Supported Self-Hosted Models
The following open-weight models have been tested and have dedicated per-model system prompts optimized for Aira's structured output format:
| Model | Parameters | License |
|---|---|---|
| Llama 3.3 70B | 70B | Llama Community License |
| Llama 4 Scout | 17B active (MoE) | Llama Community License |
| Llama 4 Maverick | 17B active (MoE) | Llama Community License |
| Mistral Large 3 | 41B active (MoE) | Apache 2.0 |
| Qwen 3.5 | 397B (MoE) | Apache 2.0 |
| DeepSeek V3.2 | 37B active (MoE) | MIT |
Other OpenAI-compatible models can still be registered as custom models but will use generic prompting.
vLLM Setup Example
vLLM is the recommended serving engine.

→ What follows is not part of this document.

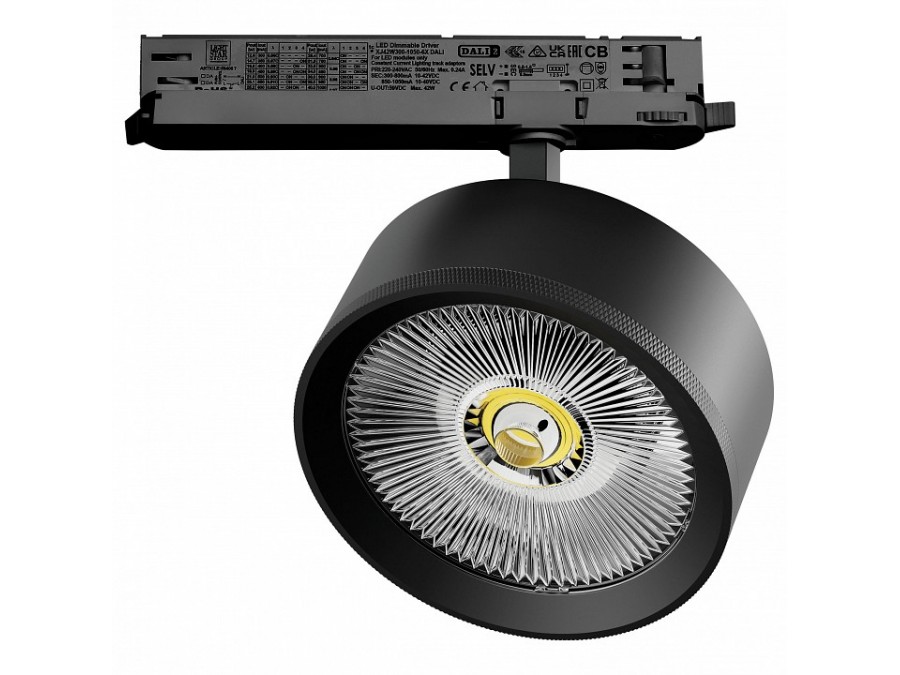 Светильник на штанге Lightstar Alta Pro A5747DALI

It supports guided_json constrained decoding, which guarantees valid structured output from any model.
# Serve a model with vLLM
vllm serve meta-llama/Llama-4-Scout-17B-16E-Instruct \
--host 0.0.0.0 \
--port 8000 \
--tensor-parallel-size 4 \
--enable-auto-tool-choiceThen register it:
curl -X POST https://api.airaproof.com/api/v1/models/custom \
-H "Authorization: Bearer aira_live_xxxxx" \
-H "Content-Type: application/json" \
-d '{
"name": "Llama 4 Scout (vLLM)",
"model_id": "llama-4-scout",
"endpoint_url": "https://your-gpu-server:8000/v1/chat/completions",
"timeout_ms": 60000
}'When using constrained decoding, ensure your vLLM version supports guided_json (v0.6.0+). Older versions may fall back to unconstrained generation.